The Kickstarter page even quotes Rick’s wisdom on the subject of branded cash-in consumer products, as the real genius inventor once said, “Merchandise, Morty. Your only purpose in life is to buy and consume merchandise, and you did it — you went into a store, an actual honest-to-god store, and you bought something. You didn’t ask questions or raise ethical complaints you just looked into the bleeding jaws of capitalism and said, ‘Yes, daddy please.’”

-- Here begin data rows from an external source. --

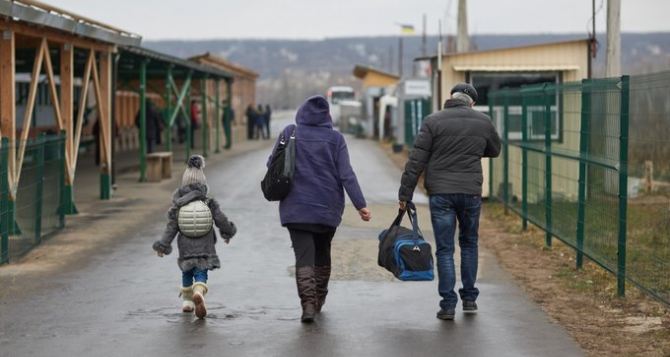 Пограничники рассказали, как они пропускают детей через КПВВ «Станица Луганская»
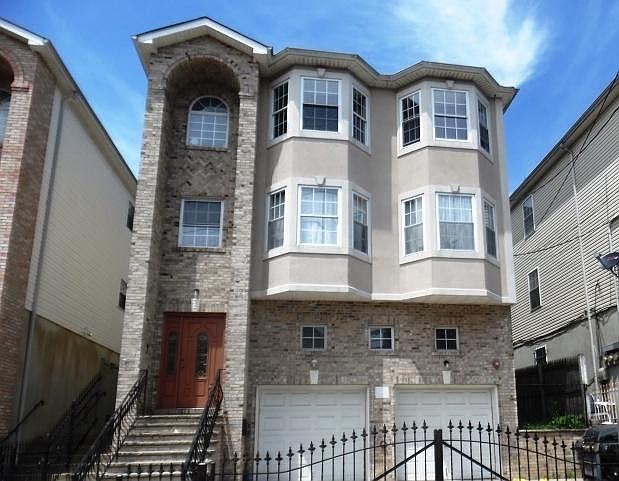 1st image of 160 Mount Prospect Ave #2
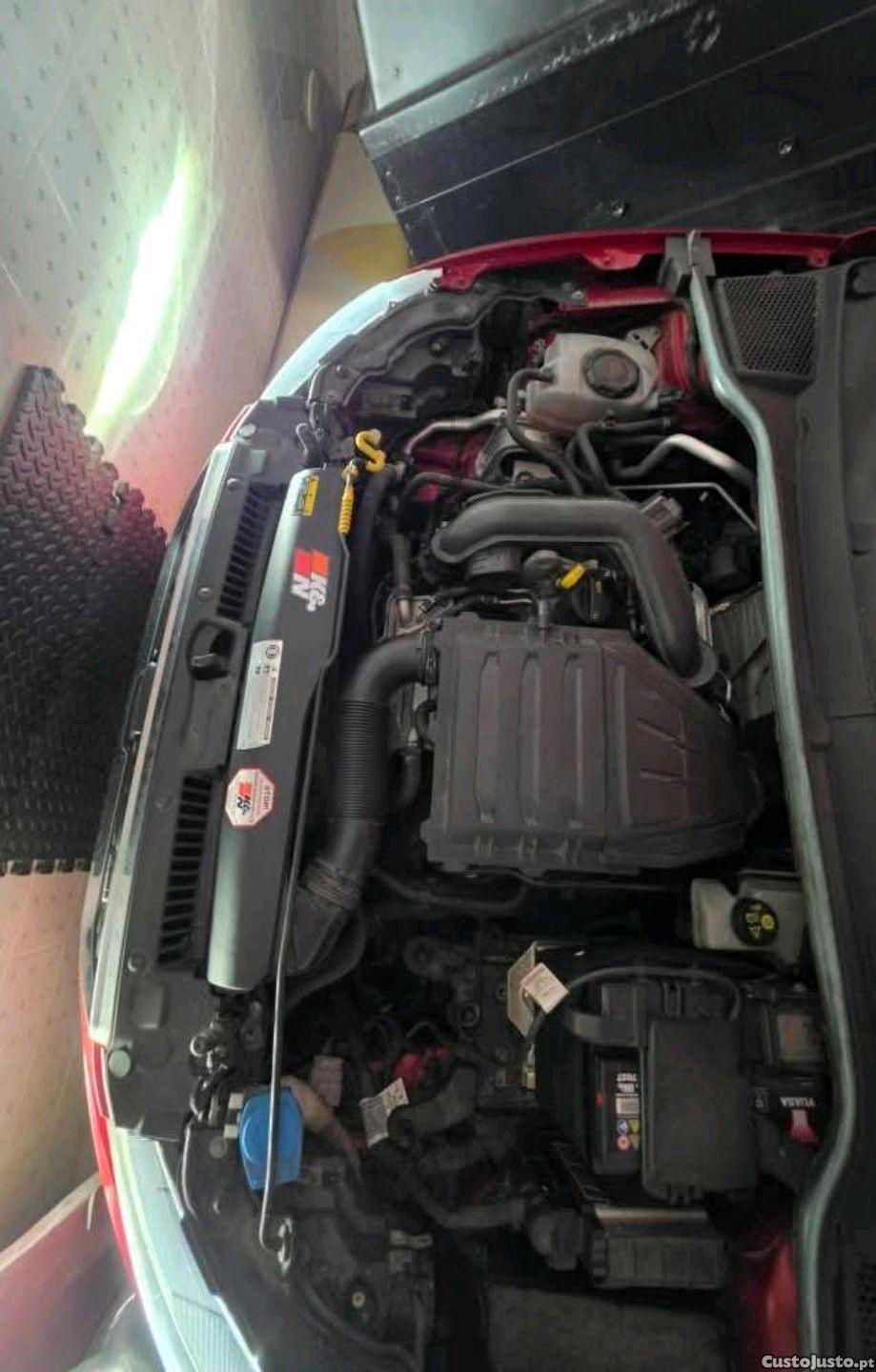SEAT Ibiza FR — fotografia 3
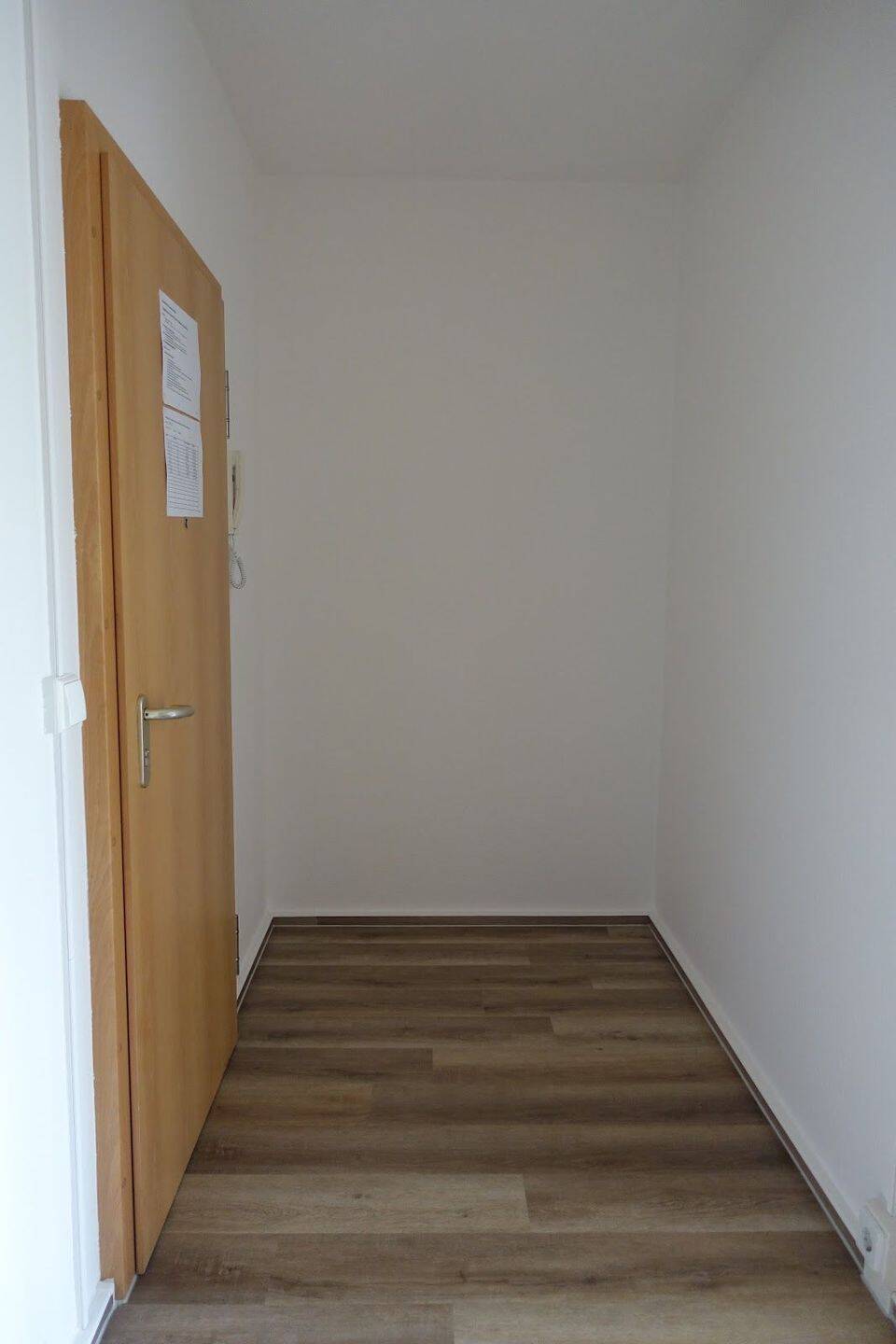 1,5 Zimmer Wohnung mit XXL Balkon - Aufzug - Dusche – Chemnitz – Vorschaubild 8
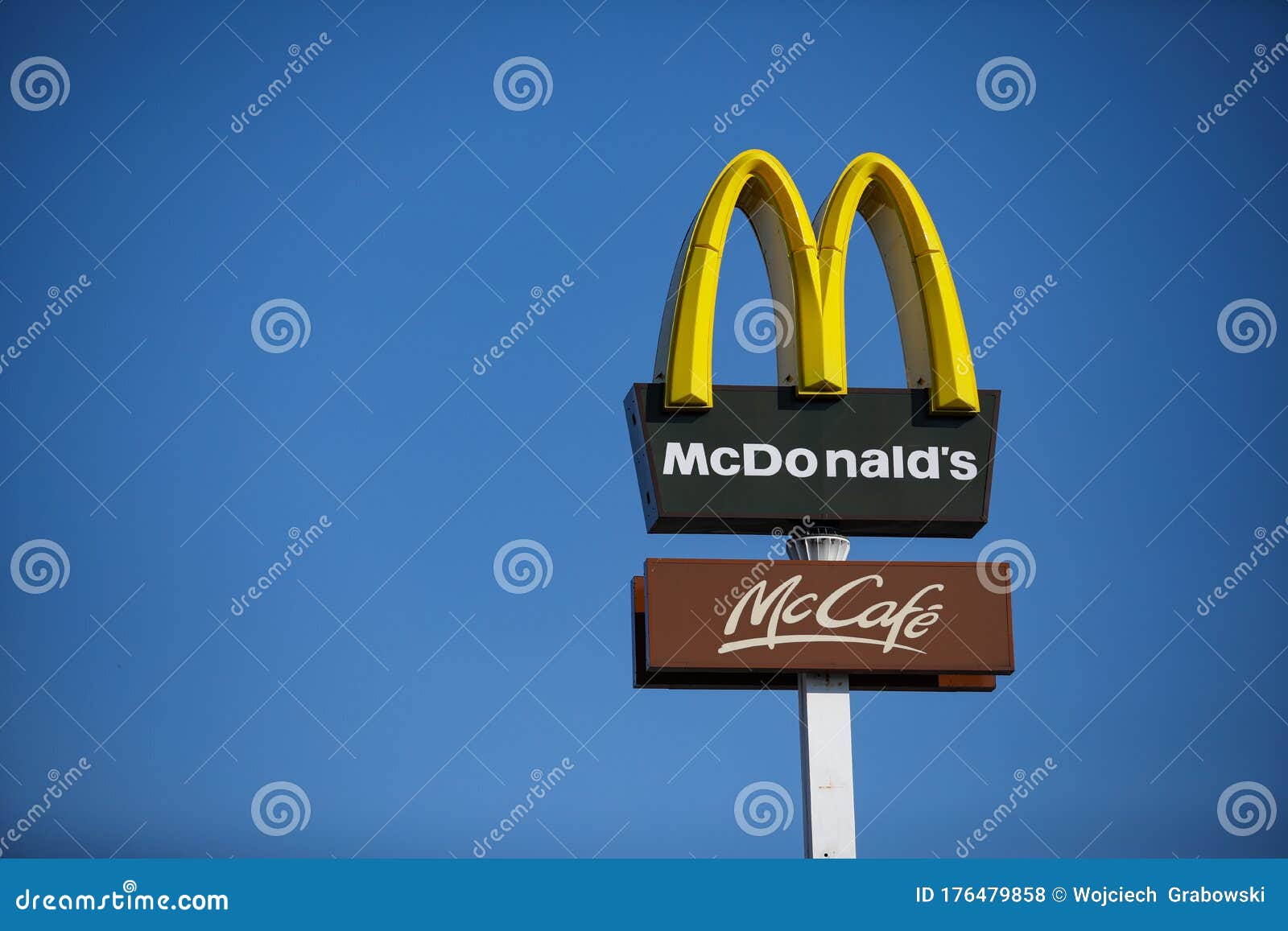 439 Mcdonalds Happy Meal Stock Photos - Free & Royalty-Free Stock Photos  from Dreamstime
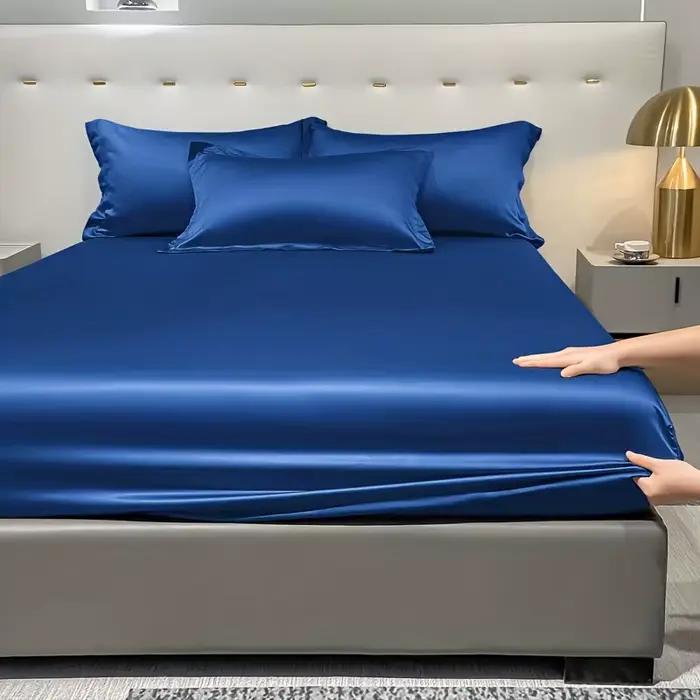 1 drap-housse en Satin de couleur unie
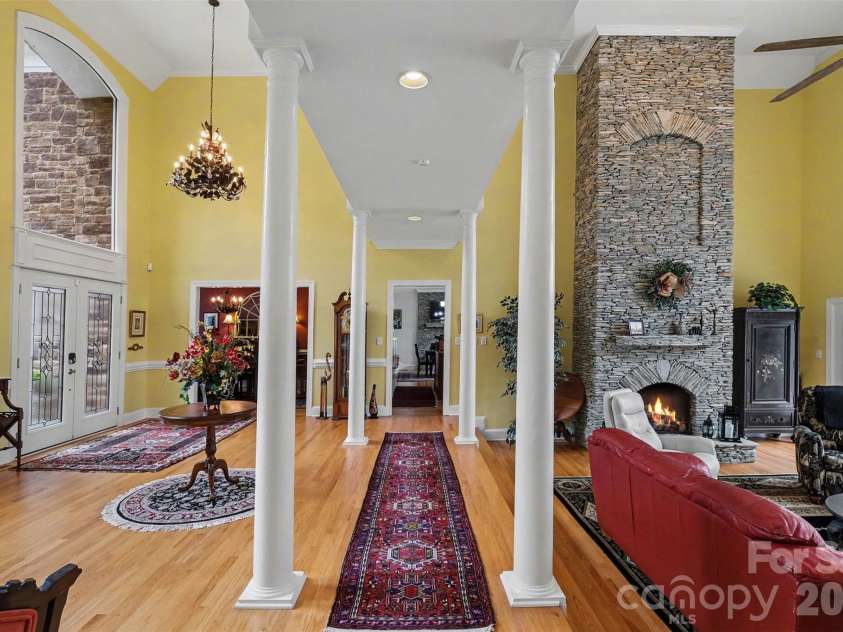 16105 Woolwine Road, Charlotte, NC 28278.  MLS# CAR4385988, YatesRealty ID 42509. Down stairs living room
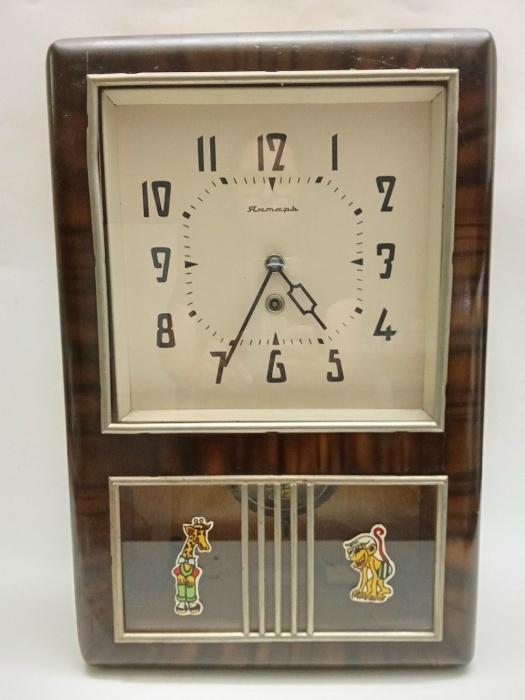 Часы настенные Янтарь СССР 48х31х11 см без ключа 1980-е годы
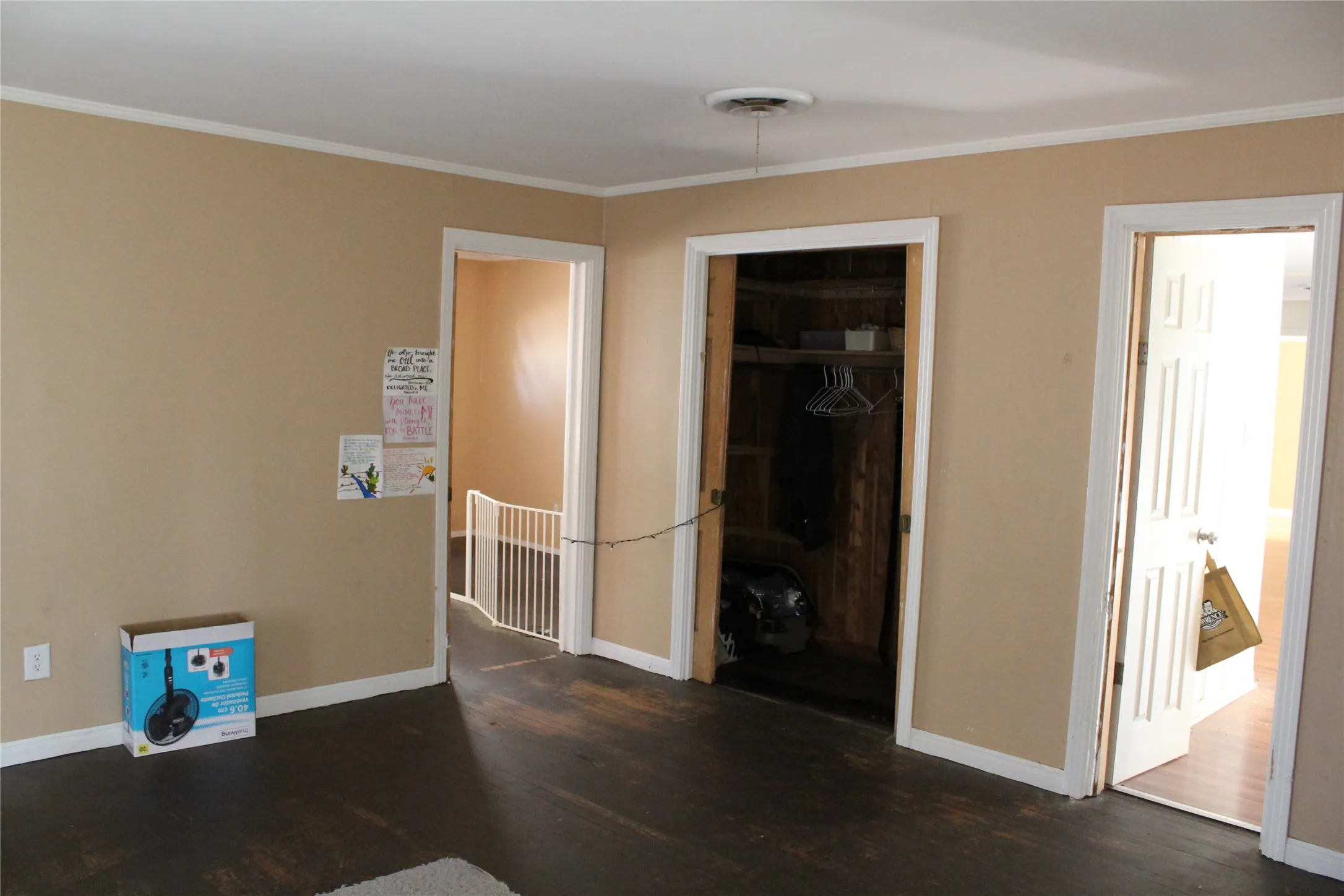 Single Family Residence For Sale in Knox County , 400 E Main Street, Knox City, Texas 79529, 4 Bedroom, 2 Bathroom, 2 Garage spaces, 3,150 Sqft, built in 1950, mls#21394290, Real Estate Agent in Knox City, Homes For Sale in Knox county, Homes For Sale in Knox City, Realtor in Knox City Texas, Real Estate Brokerage Independent Realty Texas, Luminita Cordes Realtor
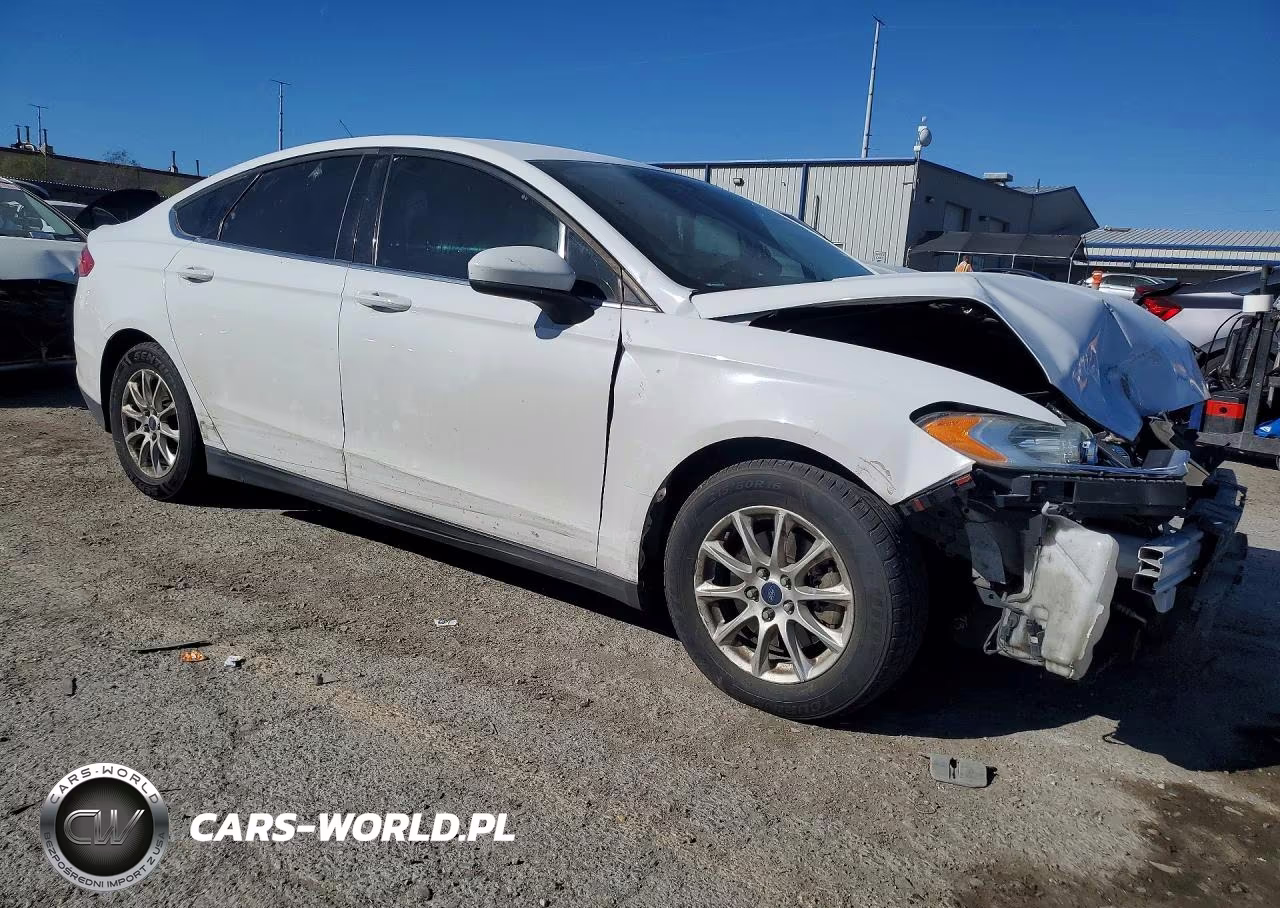 2015 Ford Fusion S VIN:3FA6P0G78FR150980 - 4
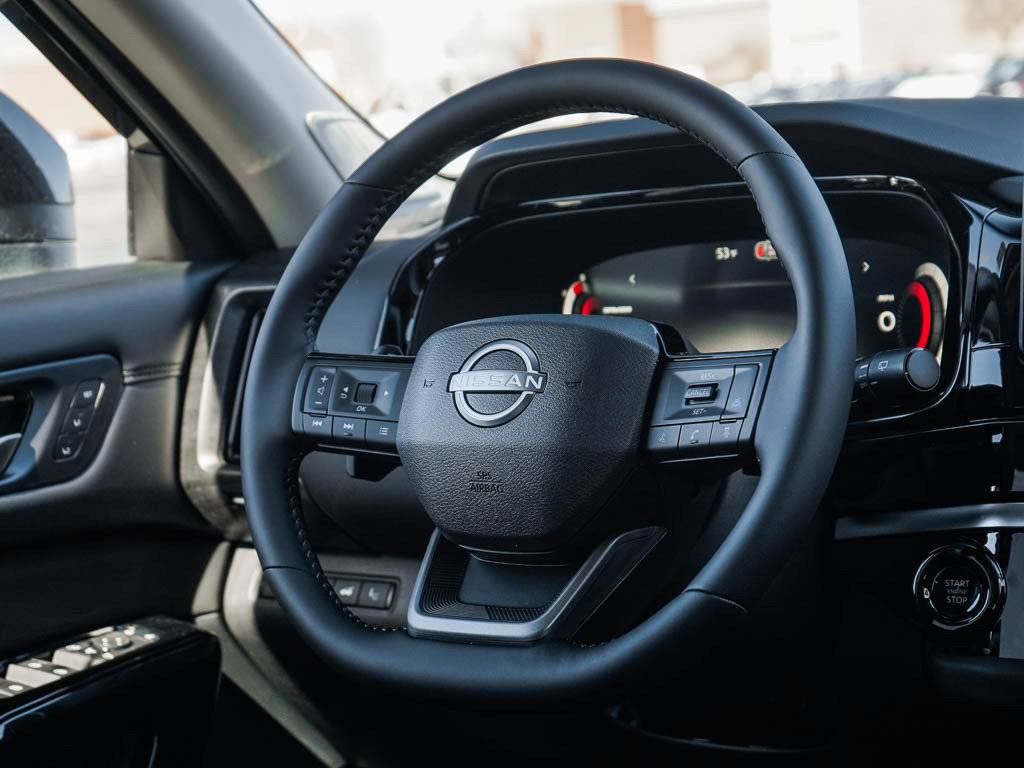 New 2026 Nissan Pathfinder Platinum AWD/4WD image 16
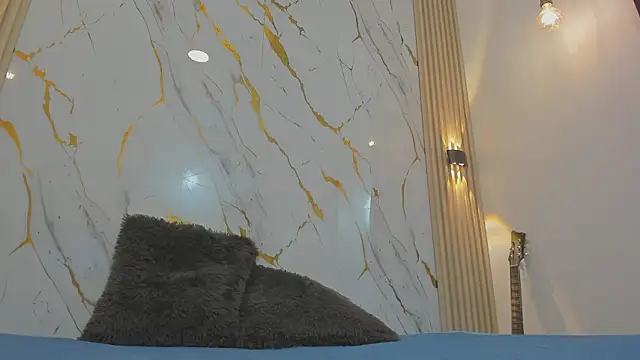 Zoey Taylor07 online show from 27, 2, 2026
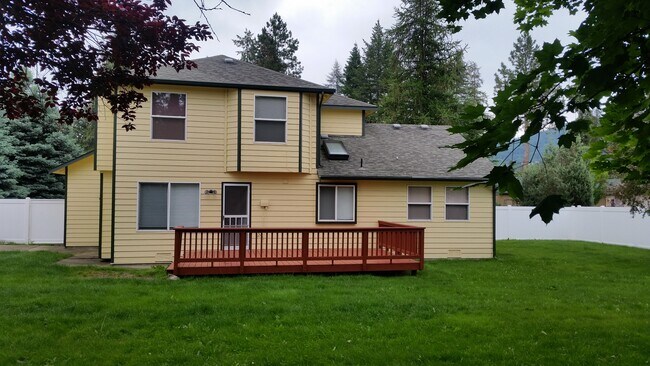 Building Photo - 9381 N Finucane Dr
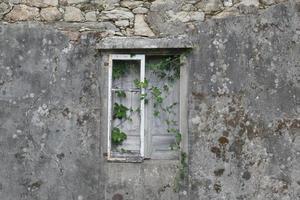 antiguo marco de media ventana blanca foto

Of course, Rick and Morty fans will remember that, at this point in the canon, the real, in-universe Butter Bot does more than just pass butter and scoot around desks responding to prompts like it’s a ChatGPT chatbox. As of “Full Meta Jackrick,” the Butter Bot’s other purpose is to pull levers. Clearly, it’s already flipped the switch on the money-making machine. With all the Kickstarter money that the Butter Bot’s raised, it could spend a thousand of Roy’s lifetimes at Blips and Chitz.